The friend of a Fife mountaineer who had to be airlifted to safety following an accident almost 23,000 feet up a Pakistani mountain has told how he thought his fellow climber was going to die.
Alistair Swinton’s climbing partner Tom Livingstone revealed he feared the worst after Mr Swinton fell 65ft down a crevasse during their descent from the summit of Koyo Zom mountain.
Badly injured and without food or fuel, the pair were left stranded for 28 hours before finally being reached and airlifted to safety.
It’s the second time Mr Swinton, 30, who was born in Leven but now lives in Chamonix in France, has had a near death experience.
In 2013, whilst climbing in the Alps, he survived after being caught up in an avalanche.
Recounting their ordeal, Mr Livingstone, 28, told of how he managed to haul Mr Swinton back to safety but, covered in blood and severely injured, he was worried his friend might no survive.
He said: “I was glad Ally remained conscious throughout the time waiting for a helicopter rescue, but in the first afternoon he seemed very faint, unresponsive and weak.

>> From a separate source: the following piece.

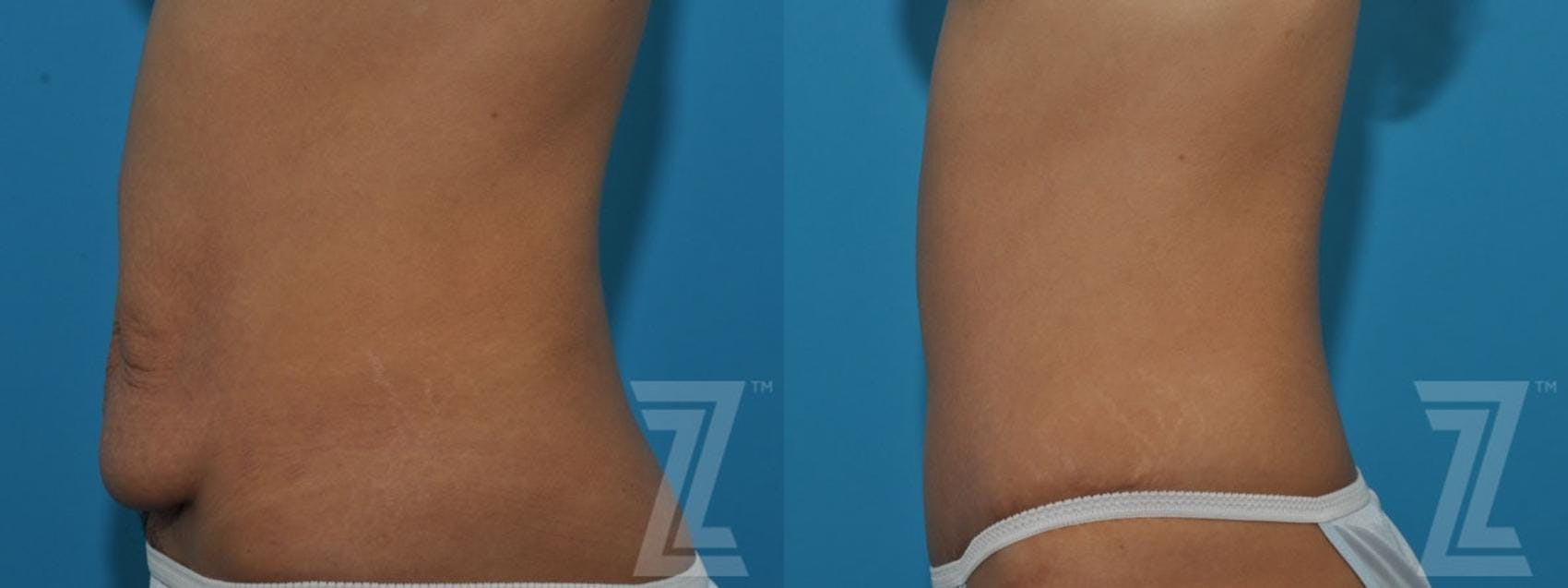 Tummy Tuck Before & After Gallery - Patient 132886797 - Image 3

“He was shivering and bleeding from his head.
“He was covered in blood. I admit for a time I was genuinely concerned he might die in the night.”

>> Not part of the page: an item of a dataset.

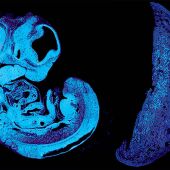 Sección de un feto de ratón y la placenta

He added: “I did what anyone would do in the ensuing 28 hours and cared for him, as I’m sure he would for me.”
Only hours before, the pair, part of a group of five experienced alpinists, had been ecstatic having conquered the previously unclimbed west face of Koyo Zom, the highest mountain in the Hindu Raj range.
“It felt so cool to be on the summit, feeling like we were on the moon,”said Mr Livingstone.
“It had been one of the best, most enjoyable routes I’ve ever climbed.”
The pair made a partial descent down the mountain’s easier eastern side before before bedding down for the night on the Pechus glacier.
“All we had to do was walk down the glacier, weaving through cravasses for about six kilometers and dropping 2,300 metres in altitude,” he recalled.
“We woke with the sun, roped up and trudged down. What happened next was an unlucky mistake by Ally.”
Every climber’s worst fear had been realised after Mr Swinton plunged 20 metres into a crevasse sustaining injuries to his head and leg.
Because of the duo’s remote position and Mr Swinton’s deteriorating condition, Mr Livingstone was left with no option but to activate the SOS of his satellite tracker.
Now safely back in the Pakistan capital, Islamabad, Mr Livingstone recalled the joy of hearing the army rescue helicopter.
“I heard the distant “chop-chop” of helicopter rotors, a beautiful sound,” he concluded.
“The main thing is that we’re both safe and well, and we had an amazing adventure.”